Alan escutava-o sem dizer nada. E o hipócrita terminou a série de mentiras, exclamando algo trágico: 

— Já vês, pai, que eu tenho vindo a submeter-me à tua vontade, tenho feito por te agradar e farei tudo quanto quiseres para que possa ser um digno sucessor dos Batterby. Apenas te peço uma coisa: não quero ficar mais às ordens desse homem. Não posso suportá-lo. Sei que mé queres muito e precisamente por isso não hesito em te apresentar este dilema: Jerry ou eu! 

Imediatamente o rancheiro respondeu: 

— Jerry! 

— Pai! 

— Em primeiro lugar, não admito imposições; em segundo tenho motivos para saber quem és tu e quem á ele. 

A porta abriu-se naquele momento e Grunder apareceu no umbral: 

— Obrigado, padrinho. A verdade é que tenho pena de não corresponder a essa bondade sua dando-lhe uma má notícia que considero inevitável: o «cow-boy» Batterby deixou de fazer parte do pessoal do rancho. 

Voltaram-se os dois homens para ele. A expressão de Bernard era eloquente de ira e revolta. 

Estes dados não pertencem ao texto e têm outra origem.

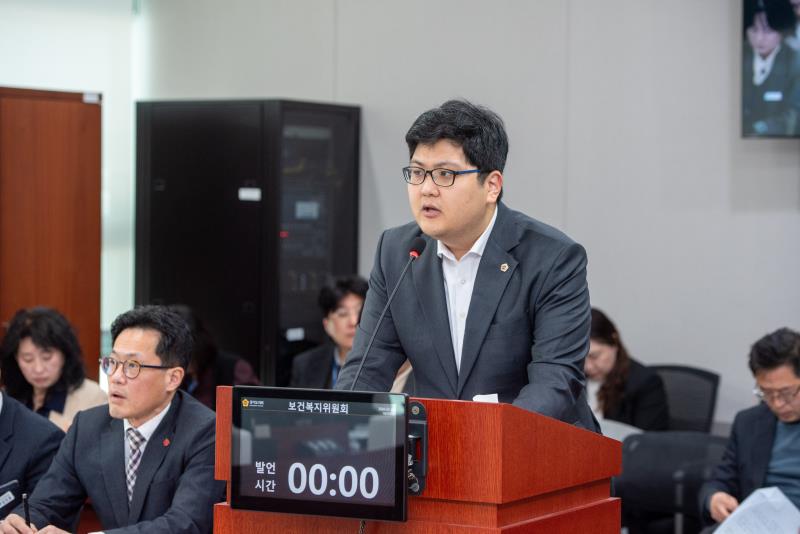 제388회 임시회 제1차 보건복지위원회_6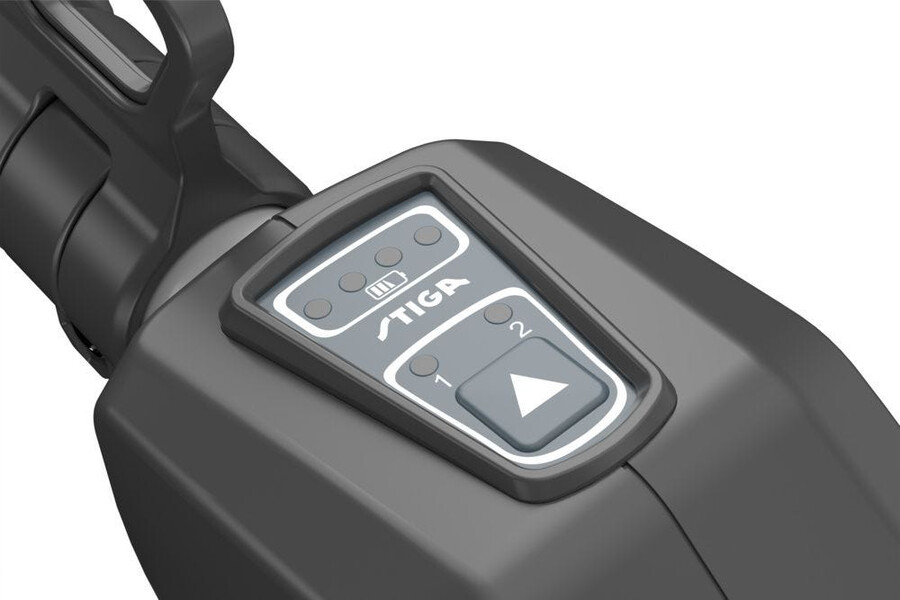 akku-kettensäge - ps 900e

— Tenho sido condescendente em todos os aspetos, mas não o sou num caso destes. Ele sabe, porque eu lho disse, que estão proibidas as lutas e desordens entre os trabalhadores da fazenda. Pois apesar disso, atacou, à traição, o vaqueiro Marcus Whitted e provocou todos os outros. Como se fosse pouco, revoltou-se contra mim e desafiou-me ao revólver. Está despedido. Se você me autoriza, o despedido sou eu. ***

Bernard, frenético, crispou os punhos: 

— Mas... tu atreves-te? 

Alan interpôs-se, exclamando surdamente: 

— Estás despedido, Bernard. As ordens do capataz do rancho «Branco» cumprem-se sem demora: Considera-te despedido! 

Grunder retificou: 

— Claro que isto não é motivo para que, se o padrinho quiser, ele não possa arranjar outro lugar. Ainda há pouco tempo lhe sugeri isso mesmo. A minha atitude limita-se a não o querer sob o meu mando. 

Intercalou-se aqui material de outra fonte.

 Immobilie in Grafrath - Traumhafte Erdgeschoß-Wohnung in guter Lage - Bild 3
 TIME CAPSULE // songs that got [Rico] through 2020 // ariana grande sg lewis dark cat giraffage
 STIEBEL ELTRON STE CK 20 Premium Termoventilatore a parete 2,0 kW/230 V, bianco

Fez uma breve saudação a Alan e saiu. Bernard viu nisto uma boa ocasião para se livrar dos trabalhos pesados que o repugnavam e logo mudou de tom ao falar com tristeza na voz: 

— Vês, pai: até Jerry te indica o que tens a fazer comigo. Está satisfeito o teu desejo de me veres trabalhar como qualquer vaqueiro. Eu, obediente, fiz o impossível para te agradar. À exceção desta falta, da qual estou já arrependido, sempre me portei bem. Não me afastes do teu lado... a não ser que o queiras fazer para sempre. Quero ser útil, mas noutro lugar, onde não seja obrigado a empregar a força. 

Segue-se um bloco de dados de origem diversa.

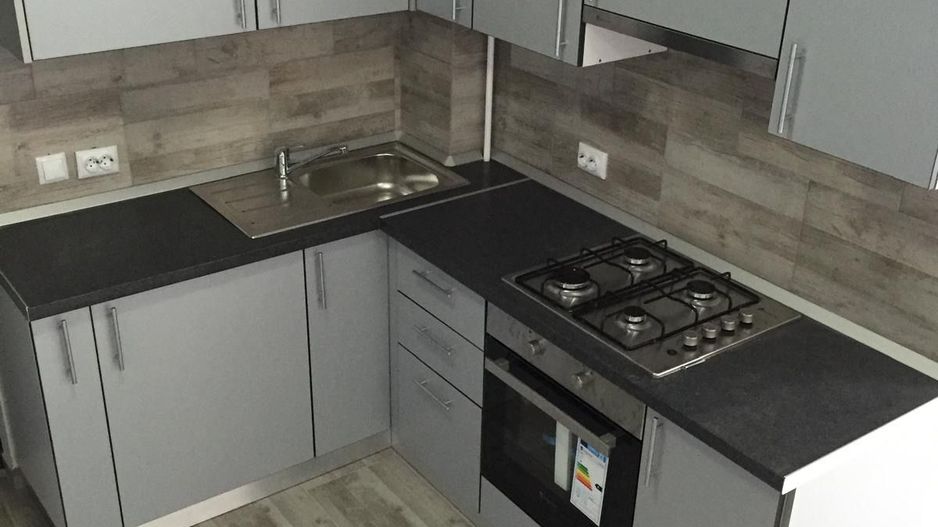 GARSONIERA FERDINAND, BLOC NOU, BUCATARIE DESCHISA, METROU 15 MIN - Poză 7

Continuou a falar meigamente ao coração do velho rancheiro, esforçando-se por o emocionar e acabou por o convencer: 

— Embora não mereças, quero ver até que ponto tu és capaz de ser alguém. Serás o ajudante de Stanley Kasbert, mas garanto-te que se desta vez não cumprires tudo se acabará entre nós.